Because information organization varies between information providers and does not always suit user requirements, a user accessing information from more than one information provider may be inconvenienced.

An information broker collects links to contents and organizes the links according to how they believe their users want to access the information. The users accessing the broker database search for and select links, then obtain the actual contents which the links point to. An information broker thus appears to the users as a huge information provider. In other words, an information broker is a virtual library. The users no longer need to navigate many different information providers.

Information brokers can also provide other various services, for example, information filtering, database mirroring, copyright management, and collection of payment for information providers.

3.3 Information User

The third layer of the model consists of information users.

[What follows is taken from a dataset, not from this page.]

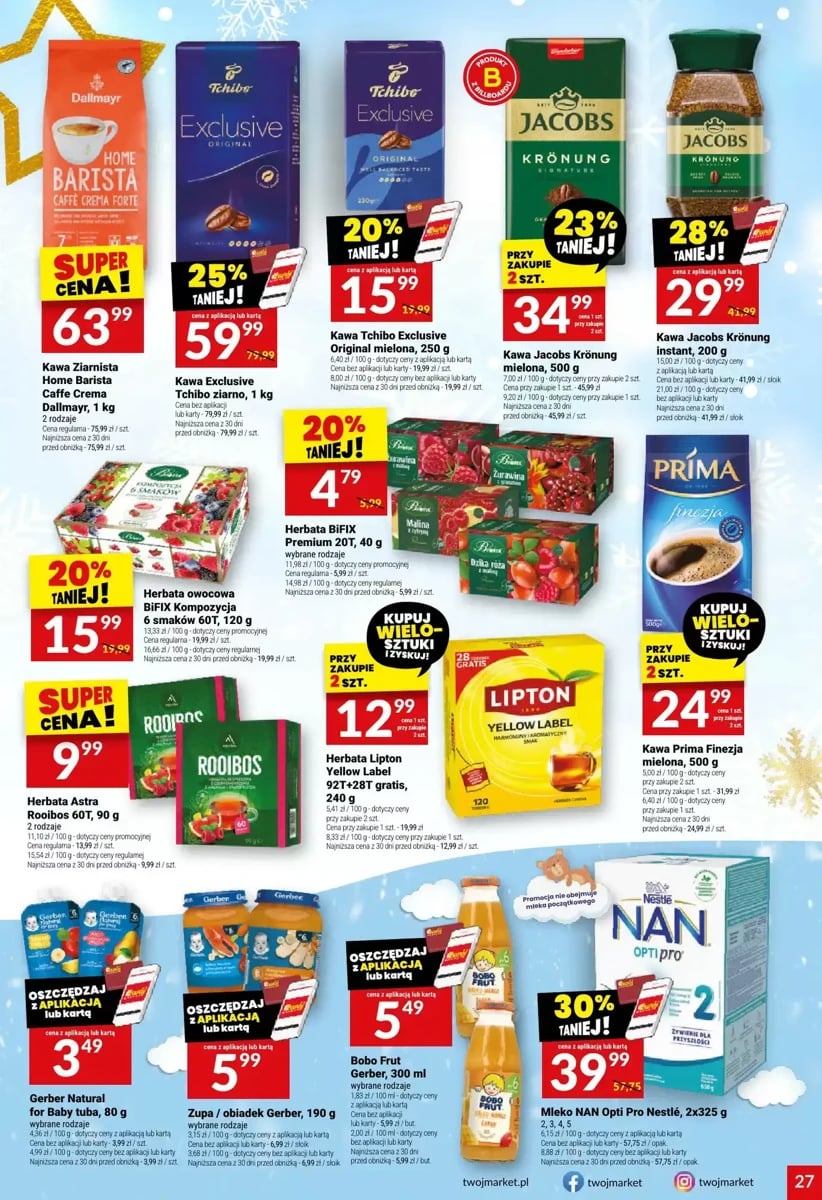 Strona 27 z gazetki Twoj Market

The amount of information available from providers and brokers is overwhelming and most of it does not match the needs of users. The users must therefore search for the desired information by browsing the obtained information. Because the results of this searching are not insignificant, the user stores the links to the desired information, and sequences the links according to how the information will be accessed again. As a result, the user creates his or her own virtual personal library. This activity is information organization.

4 Spiral Development of Information

To clarify the total flow of information, we analyzed the user activities.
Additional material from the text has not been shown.